L’Algeria, come la Libia, è una "cassaforte dell’energia" alla quale l’Occidente e l’Italia non possono rinunciare. Eppure proprio la guerra del Mali con l’intervento francese, appoggiato anche da noi, rappresenta un fiasco dei generali "sradicatori". Con la caduta di Gheddafi l’Algeria era rimasta l’unica aspirante al ruolo di potenza regionale, un’ambizione che si sta sfaldando nella crisi maliana. Anche per colpa di un algerino, Mokhtar Belmokhtar, detto il Guercio o l’Imprendibile, ex combattente in Afghanistan e ora capo di una corrente secessionista di Al-Qaeda nel Maghreb, la katiba dei "Fedeli del Sangue": è stato lui a lanciare l’attacco all’impianto.

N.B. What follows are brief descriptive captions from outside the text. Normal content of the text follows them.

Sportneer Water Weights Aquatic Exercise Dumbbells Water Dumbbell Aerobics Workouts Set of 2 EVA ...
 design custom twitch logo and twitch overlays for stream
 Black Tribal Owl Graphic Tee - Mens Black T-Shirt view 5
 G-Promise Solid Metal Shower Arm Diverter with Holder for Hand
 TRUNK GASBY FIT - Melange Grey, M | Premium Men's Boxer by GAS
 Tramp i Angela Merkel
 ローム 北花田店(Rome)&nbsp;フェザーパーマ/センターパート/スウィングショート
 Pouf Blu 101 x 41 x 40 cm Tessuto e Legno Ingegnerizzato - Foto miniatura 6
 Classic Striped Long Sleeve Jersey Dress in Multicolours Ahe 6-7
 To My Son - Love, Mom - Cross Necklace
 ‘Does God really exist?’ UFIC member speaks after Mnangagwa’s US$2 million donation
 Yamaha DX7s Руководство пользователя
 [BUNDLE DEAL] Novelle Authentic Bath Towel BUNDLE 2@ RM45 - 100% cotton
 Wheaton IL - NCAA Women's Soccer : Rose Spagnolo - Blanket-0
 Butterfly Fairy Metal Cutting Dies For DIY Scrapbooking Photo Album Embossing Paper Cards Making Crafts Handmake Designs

La crisi si propaga all’Algeria ma è un ritorno di fiamma perché i capi degli islamisti, in quella sorta di buco nero della gepolitica che è il Sahara-Sahel, sono estremisti algerini che hanno trovato nuovi santuari. Secondo alcune interpretazioni il ruolo dell’Algeria in questa vicenda è assimilabile a quello del Pakistan in Afghanistan: l’avanzata islamica è stata dovuta anche al fallimento della politica regionale di Algeri, oltre che alla disgregazione del Mali.
Fino a qualche tempo fa a Bamako si diceva che l’Algeria era parte del problema ma anche della soluzione. Algeri si era opposta a interventi esterni perché riteneva di potere risolvere da sola la crisi. In realtà militari e servizi segreti del Drs dopo aver spinto gli islamisti verso il Grande Sud hanno pensato di manipolarli per estendere l’influenza di Algeri nel Sahel. Uno dei personaggi di questa vicenda è Iyad Ag Gahli, un tuareg nazionalista poi convertito all’Islam radicale e capo delle milizie Ansar Eddine: è descritto come vicino agli algerini, con un ruolo chiave nella liberazione di Rossella Urru. Gli algerini prima hanno trattato con la guerriglia poi la situazione è sfuggita di mano, spingendo i francesi a intervenire, e ora si sono trovati di nuovo in prima linea sul fronte di casa. Hanno quindi reagito con i metodi che conoscono: terra bruciata. Ma la partita tra il Sahara e il Sahel è lunga e ancora aperta.